- [Instructions to follow]: Every record that appears below should be transcribed exactly.

(Provided material)

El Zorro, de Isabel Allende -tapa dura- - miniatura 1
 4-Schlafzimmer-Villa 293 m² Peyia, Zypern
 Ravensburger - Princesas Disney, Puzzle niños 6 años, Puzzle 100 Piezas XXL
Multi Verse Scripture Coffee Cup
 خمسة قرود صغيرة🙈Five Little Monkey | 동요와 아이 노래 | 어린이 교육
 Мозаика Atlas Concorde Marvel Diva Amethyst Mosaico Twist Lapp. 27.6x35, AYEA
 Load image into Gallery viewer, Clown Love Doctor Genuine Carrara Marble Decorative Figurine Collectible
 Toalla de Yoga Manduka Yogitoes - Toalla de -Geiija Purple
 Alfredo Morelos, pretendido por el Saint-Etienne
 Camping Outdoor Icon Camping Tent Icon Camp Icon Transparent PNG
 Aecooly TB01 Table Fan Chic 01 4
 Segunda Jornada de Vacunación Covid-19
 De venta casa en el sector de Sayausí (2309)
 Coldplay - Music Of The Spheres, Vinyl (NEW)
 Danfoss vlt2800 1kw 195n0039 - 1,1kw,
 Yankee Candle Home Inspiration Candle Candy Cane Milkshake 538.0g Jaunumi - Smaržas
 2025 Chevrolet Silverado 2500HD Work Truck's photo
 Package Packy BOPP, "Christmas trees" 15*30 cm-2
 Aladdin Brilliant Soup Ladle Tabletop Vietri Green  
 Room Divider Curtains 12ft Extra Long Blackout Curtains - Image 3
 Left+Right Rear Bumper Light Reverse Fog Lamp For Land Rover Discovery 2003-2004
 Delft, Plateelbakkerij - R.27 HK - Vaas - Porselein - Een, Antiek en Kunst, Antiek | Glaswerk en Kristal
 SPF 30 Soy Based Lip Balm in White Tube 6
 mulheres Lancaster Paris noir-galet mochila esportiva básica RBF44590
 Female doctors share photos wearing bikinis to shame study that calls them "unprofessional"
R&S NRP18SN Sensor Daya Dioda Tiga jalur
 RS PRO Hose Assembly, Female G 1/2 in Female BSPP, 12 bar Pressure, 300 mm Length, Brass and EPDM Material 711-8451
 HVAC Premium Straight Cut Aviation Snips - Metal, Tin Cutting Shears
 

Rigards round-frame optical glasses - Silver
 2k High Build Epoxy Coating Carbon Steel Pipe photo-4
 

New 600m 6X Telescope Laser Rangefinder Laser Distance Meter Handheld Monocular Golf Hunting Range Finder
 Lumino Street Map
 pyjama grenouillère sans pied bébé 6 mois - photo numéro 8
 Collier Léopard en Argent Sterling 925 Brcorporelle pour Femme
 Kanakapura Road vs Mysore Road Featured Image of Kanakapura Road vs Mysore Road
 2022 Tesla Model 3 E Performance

(End Provided material)

- [Exercise answer]:
El Zorro, de Isabel Allende -tapa dura- - miniatura 1
 4-Schlafzimmer-Villa 293 m² Peyia, Zypern
 Ravensburger - Princesas Disney, Puzzle niños 6 años, Puzzle 100 Piezas XXL
Multi Verse Scripture Coffee Cup
 خمسة قرود صغيرة🙈Five Little Monkey | 동요와 아이 노래 | 어린이 교육
 Мозаика Atlas Concorde Marvel Diva Amethyst Mosaico Twist Lapp. 27.6x35, AYEA
 Load image into Gallery viewer, Clown Love Doctor Genuine Carrara Marble Decorative Figurine Collectible
 Toalla de Yoga Manduka Yogitoes - Toalla de -Geiija Purple
 Alfredo Morelos, pretendido por el Saint-Etienne
 Camping Outdoor Icon Camping Tent Icon Camp Icon Transparent PNG
 Aecooly TB01 Table Fan Chic 01 4
 Segunda Jornada de Vacunación Covid-19
 De venta casa en el sector de Sayausí (2309)
 Coldplay - Music Of The Spheres, Vinyl (NEW)
 Danfoss vlt2800 1kw 195n0039 - 1,1kw,
 Yankee Candle Home Inspiration Candle Candy Cane Milkshake 538.0g Jaunumi - Smaržas
 2025 Chevrolet Silverado 2500HD Work Truck's photo
 Package Packy BOPP, "Christmas trees" 15*30 cm-2
 Aladdin Brilliant Soup Ladle Tabletop Vietri Green  
 Room Divider Curtains 12ft Extra Long Blackout Curtains - Image 3
 Left+Right Rear Bumper Light Reverse Fog Lamp For Land Rover Discovery 2003-2004
 Delft, Plateelbakkerij - R.27 HK - Vaas - Porselein - Een, Antiek en Kunst, Antiek | Glaswerk en Kristal
 SPF 30 Soy Based Lip Balm in White Tube 6
 mulheres Lancaster Paris noir-galet mochila esportiva básica RBF44590
 Female doctors share photos wearing bikinis to shame study that calls them "unprofessional"
R&S NRP18SN Sensor Daya Dioda Tiga jalur
 RS PRO Hose Assembly, Female G 1/2 in Female BSPP, 12 bar Pressure, 300 mm Length, Brass and EPDM Material 711-8451
 HVAC Premium Straight Cut Aviation Snips - Metal, Tin Cutting Shears
 

Rigards round-frame optical glasses - Silver
 2k High Build Epoxy Coating Carbon Steel Pipe photo-4
 

New 600m 6X Telescope Laser Rangefinder Laser Distance Meter Handheld Monocular Golf Hunting Range Finder
 Lumino Street Map
 pyjama grenouillère sans pied bébé 6 mois - photo numéro 8
 Collier Léopard en Argent Sterling 925 Brcorporelle pour Femme
 Kanakapura Road vs Mysore Road Featured Image of Kanakapura Road vs Mysore Road
 2022 Tesla Model 3 E Performance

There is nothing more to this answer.